Actually, these are far from new consumer desires as evidenced in a rigorous IEEE global study from 2008 What do people expect from robots?
Three in the wings; one already in the marketplace
Three personal robots are in the wings: The Three Amigos: Jimmy, Pepper and Jibo. Of the three getting ready to come on stage, Intel’s Jimmy will go on sale late in 2015; Softbank’s Pepper is on sale in Tokyo, and will be rolled out to the U.S. mid-year (more than likely sold in 2600 of Softbank’s Sprint stores. Price: $1900); and Jibo’s Jibo will be out in a developer edition late in 2015.
All three are primed to accommodate consumer preferences from the Ericsson survey: teach me how to use new technology; advice on what to eat; help children with homework; and keep me company at home. And each, priced well under the $3,000 that consumers said they are willing to spend on a personal robot, means that once pricey consumer robots are now well within even modest household incomes worldwide.

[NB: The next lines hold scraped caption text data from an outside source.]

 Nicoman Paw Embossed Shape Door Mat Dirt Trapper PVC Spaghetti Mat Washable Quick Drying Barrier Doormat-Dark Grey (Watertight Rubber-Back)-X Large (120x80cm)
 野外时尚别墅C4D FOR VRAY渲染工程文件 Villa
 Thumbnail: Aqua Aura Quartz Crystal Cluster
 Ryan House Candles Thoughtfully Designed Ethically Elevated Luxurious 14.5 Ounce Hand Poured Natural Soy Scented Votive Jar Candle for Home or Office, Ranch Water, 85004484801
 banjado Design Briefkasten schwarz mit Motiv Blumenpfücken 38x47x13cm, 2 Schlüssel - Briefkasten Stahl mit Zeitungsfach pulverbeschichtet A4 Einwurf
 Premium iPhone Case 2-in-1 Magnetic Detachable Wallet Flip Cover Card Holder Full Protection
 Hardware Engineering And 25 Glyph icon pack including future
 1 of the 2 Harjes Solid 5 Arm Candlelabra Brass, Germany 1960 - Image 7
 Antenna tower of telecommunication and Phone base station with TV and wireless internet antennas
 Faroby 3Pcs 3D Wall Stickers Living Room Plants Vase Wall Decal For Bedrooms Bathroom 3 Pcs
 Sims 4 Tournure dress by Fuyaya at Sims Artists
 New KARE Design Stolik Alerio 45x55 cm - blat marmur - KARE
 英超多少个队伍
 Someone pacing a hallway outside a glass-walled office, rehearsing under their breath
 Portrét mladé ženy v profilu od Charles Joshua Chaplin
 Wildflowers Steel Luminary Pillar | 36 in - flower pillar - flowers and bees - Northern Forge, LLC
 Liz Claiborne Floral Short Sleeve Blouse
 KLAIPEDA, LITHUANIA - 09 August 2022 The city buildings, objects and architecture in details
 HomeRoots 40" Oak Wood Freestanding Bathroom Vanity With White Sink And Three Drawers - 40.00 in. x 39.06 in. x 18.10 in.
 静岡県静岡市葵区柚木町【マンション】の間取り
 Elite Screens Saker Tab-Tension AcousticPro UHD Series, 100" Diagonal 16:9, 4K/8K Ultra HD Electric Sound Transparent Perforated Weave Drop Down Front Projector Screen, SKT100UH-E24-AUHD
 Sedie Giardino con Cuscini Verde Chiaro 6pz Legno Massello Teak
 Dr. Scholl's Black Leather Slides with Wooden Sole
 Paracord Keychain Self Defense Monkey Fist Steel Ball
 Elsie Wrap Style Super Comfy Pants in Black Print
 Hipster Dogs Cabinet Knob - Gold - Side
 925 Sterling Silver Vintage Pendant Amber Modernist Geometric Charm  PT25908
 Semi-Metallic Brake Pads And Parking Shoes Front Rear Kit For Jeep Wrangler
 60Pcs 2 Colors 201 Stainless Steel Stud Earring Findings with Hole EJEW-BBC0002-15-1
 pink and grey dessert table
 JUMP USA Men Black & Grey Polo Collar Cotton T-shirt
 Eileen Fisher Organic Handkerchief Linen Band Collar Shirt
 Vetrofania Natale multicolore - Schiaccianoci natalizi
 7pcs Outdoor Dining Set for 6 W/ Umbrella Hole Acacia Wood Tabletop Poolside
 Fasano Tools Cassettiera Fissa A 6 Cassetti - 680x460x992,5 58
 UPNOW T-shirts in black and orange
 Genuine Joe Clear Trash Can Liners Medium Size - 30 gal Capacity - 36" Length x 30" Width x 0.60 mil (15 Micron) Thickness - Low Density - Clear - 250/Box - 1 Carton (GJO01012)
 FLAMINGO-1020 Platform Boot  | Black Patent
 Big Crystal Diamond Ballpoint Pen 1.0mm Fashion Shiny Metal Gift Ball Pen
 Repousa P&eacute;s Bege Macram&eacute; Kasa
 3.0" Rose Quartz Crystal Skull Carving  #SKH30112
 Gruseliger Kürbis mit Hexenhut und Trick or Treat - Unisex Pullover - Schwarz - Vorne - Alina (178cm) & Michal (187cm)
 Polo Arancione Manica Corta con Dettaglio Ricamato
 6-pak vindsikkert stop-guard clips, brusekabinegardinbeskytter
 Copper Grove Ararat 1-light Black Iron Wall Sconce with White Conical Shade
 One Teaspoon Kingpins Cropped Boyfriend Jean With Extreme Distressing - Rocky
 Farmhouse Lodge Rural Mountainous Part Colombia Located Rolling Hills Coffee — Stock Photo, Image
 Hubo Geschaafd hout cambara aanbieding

“The second most desired ability for domestic robots is to teach consumers how to use the latest technology. This was the same both globally and in Shanghai.” As explained by Xu Xiaoli, Northeast Asia regional director of Ericsson Consumer Lab, “this function was especially popular among older respondents.”
Ready for purchase–now!
At CES 2015, one personal robot was already waiting for buyers: the FURo-i Home robot from Korea’s Future Robot.
CK Song, founder and CEO of Future Robot, sat comfortably on a white leather couch in his spacious expo at the Robotics Trends’ Robot Marketplace watching his FURo-i cavort with an aide.
The sleek, diminutive robot, rolling around beneath an ad banner of Connecting Family, is Song’s answer to hectic family life that needs a little help keeping together and in contact.
“FURo is on sale right now,” he said, proudly noting that he?s first in the marketplace with a personal robot, “and we’re selling them worldwide.”
Song says the FURo will retail for about $1,200 (well within the consumer sweet spot) and he hopes to sell 10,000 units during 2015.
The BBC’s Leo Kelion was duly impressed: CES 2015: The robots moving in to your house. “It’s a sleek-looking sensor-laden cone on wheels topped by a tablet that displays a friendly-looking animated droid’s face.”
“You can verbally instruct it to take control of internet-controlled smart devices – telling it to turn lights, music and heating on or off – use it as a teaching aid for your children, or take advantage of its health check software to help care for elderly relations.”
Tomorrow, during Robotics Trends’ half-day conference session on the incipient personal robot phenomenon, Song will take the stage to introduce his new machine.